Вселенная Тарковские. Арсений и Андрей - [31]
А что делать теперь – кроме этого – не знаю, может быть потому, что не представляю себе форм нынешнего флирта в Юрьевце среди этих – не моих романтических времен – ребят. Не надо все-таки пугаться Андрюшкиных страстей и делать так, что все это станет соблазнительным запретным плодом. Скоро и Мышь, должно быть, начнет получать любовные письма, и тогда мое сердце окончательно сожмется от боли».
Конечно, спустя годы Андрей прочитал это письмо. Вероятно, улыбнулся, потому что все события, откомментированные в нем, давно канули в Лету. Опечалило, думается, другое – недоверие, заведомая уверенность в порочности, в «меньшей романтичности» и в «худшей форме» при том, что известные события в жизни Арсения Александровича развивались на глазах его детей, его первой и второй жены. А запоздалое покаяние – «к несчастью, я понял это слишком поздно», уже никому не было нужно. Слова и дидактический пафос только и оставались словами и дидактическим пафосом, которым было трудно поверить.
Написав это письмо, Тарковский, скорее всего, даже и не понял, что описал в нем вовсе не своего сына, которого, откровенно говоря, мало знал, а самого себя, и единственный на тот момент его адресат – Маруся Вишнякова прекрасно поняла это. Вполне возможно, что скоропалительный отъезд в Москву летом 1943 года (в Юрьевце к этому времени быт более или менее налажен, а Андрей очень неплохо учился в местной школе) и возвращение сына в школу № 557 в Стремянном переулке стал результатом исступленной попытки изменить в Андрее что-то главное, что-то таинственно связывающее его с его отцом, оградить сына от тех страданий, которые Арсений испытывал сам и приносил окружающим его людям. О последнем качестве своего бывшего супруга Маруся, пожалуй, знала лучше многих.
Рубеж 1943–1944 годов прошел под знаком метания между Переделкином и Москвой. Школу вновь пришлось оставить, а потом вновь в нее вернуться.
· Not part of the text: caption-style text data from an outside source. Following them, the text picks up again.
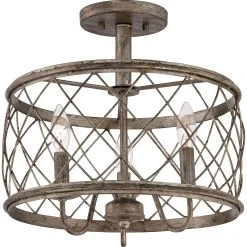 Cheap ???? Gracewood Hollow Anhaght Century Silver Leaf Metal Medium Semi-flush Mount Light Fixture ???? 10 Cheap ???? Gracewood Hollow Anhaght Century Silver Leaf Metal Medium Semi-flush Mount Light Fixture ???? -Gracewood Hollow shop Dury Century Silver Leaf Finish Medium Semi Flush Mount Light Fixture d4849c4e d09f 4c2b 9dd2 d97d75b03e29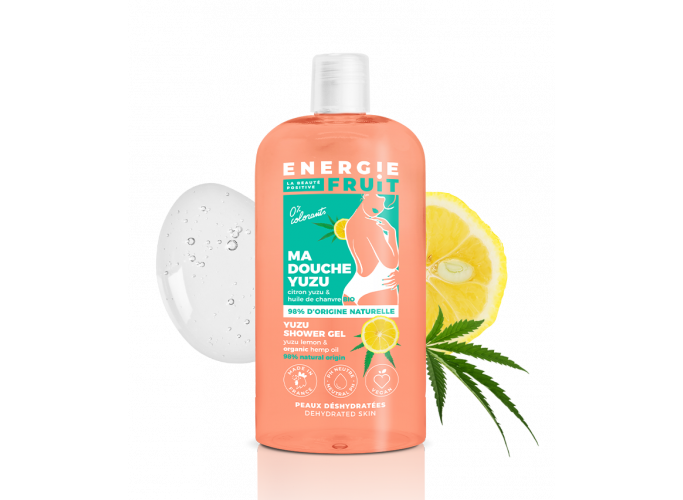 Gel douche yuzu chanvre energie fruit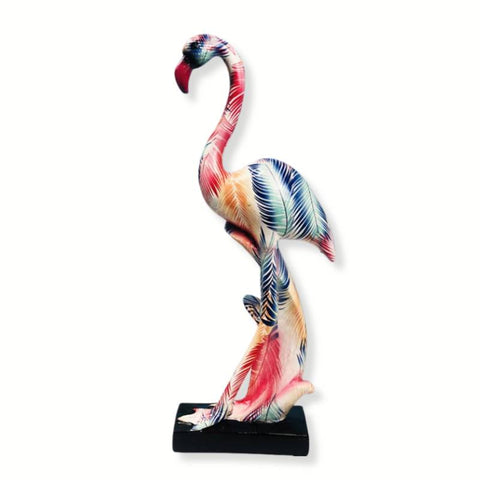 sculpture flamant rose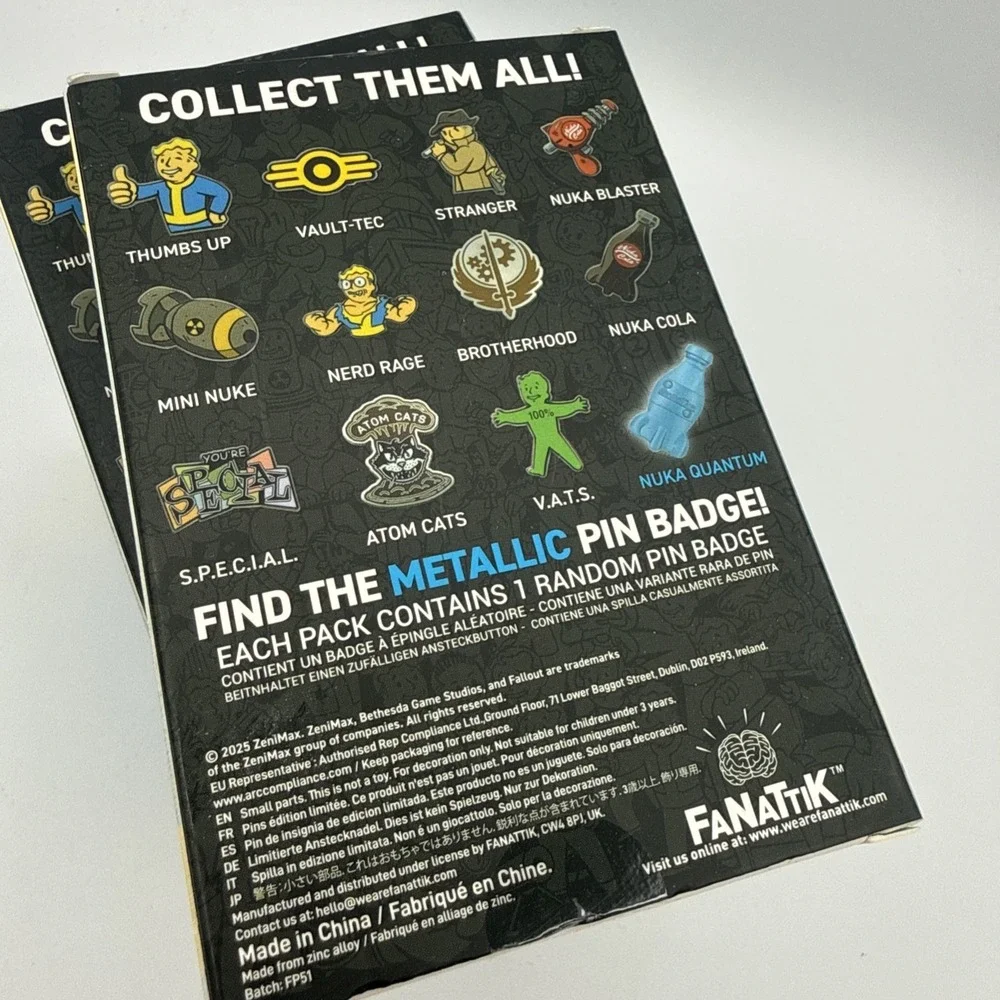 9x Fallout Mystery Pin Badge Volume 2 Blind Box Official Bethesda Collectible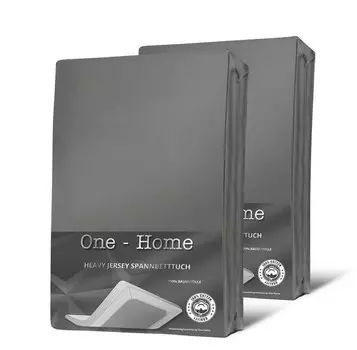 Простынь на подгонке One-Home 90-100x200 cm Heavy, 100x4x200 см, серый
Казалось, что мать не понимала, что происходит с ее сыном, который рос по каким-то только ему (и ей) ведомым законам, в общении был груб, скрытен, а порой и неистов в проявлении эмоций. Если до отъезда в Юрьевец, да и в самом приволжском городке учеба увлекала Андрея, то теперь он почти бросил учиться, много времени проводил на улице с друзьями – «ножички», «пристеночек», карты на деньги… Занятия музыкой, разумеется, были заброшены. Зашла речь о переводе мальчика в ремесленное училище, что по сути означало его автоматическое зачисление в ряды «гопников» из «ремеслухи» со всеми вытекающими отсюда последствиями (уголовными в том числе).
Впоследствии Андрей Тарковский вспоминал: «Мое детство я помню очень хорошо. Для меня это самое главное – самые главные годы в моей жизни… Мы жили с мамой, бабушкой, сестрой. Семья без мужчины. Это существенно повлияло на мой характер… Это было тяжелое время. Мне всегда не хватало отца. Когда отец ушел из нашей семьи, мне было три года. Жизнь была необычайно трудной во всех смыслах… В свое время я пережил очень трудный момент. В общем, я попал в дурную компанию, будучи молодым… У меня в детстве был довольно растительный образ жизни. Я мало размышлял. Я больше чувствовал и воспринимал. Однако воспоминания детства никогда не делали человека художником. Отсылаю вас к рассказам Анны Ахматовой о ее детстве. Или к Марселю Прусту. Мы придаем несколько чрезмерное значение роли детства. Манера психоаналитиков смотреть на жизнь сквозь детство, находить в нем объяснения всему – это один из способов инфантилизации личности… Подход к художественному процессу, к творчеству с этой точки зрения, если хотите, даже удручает. Удручает потому, что мотивы и суть творчества гораздо сложнее, намного неуловимее, чем просто воспоминания о детстве и его объяснения».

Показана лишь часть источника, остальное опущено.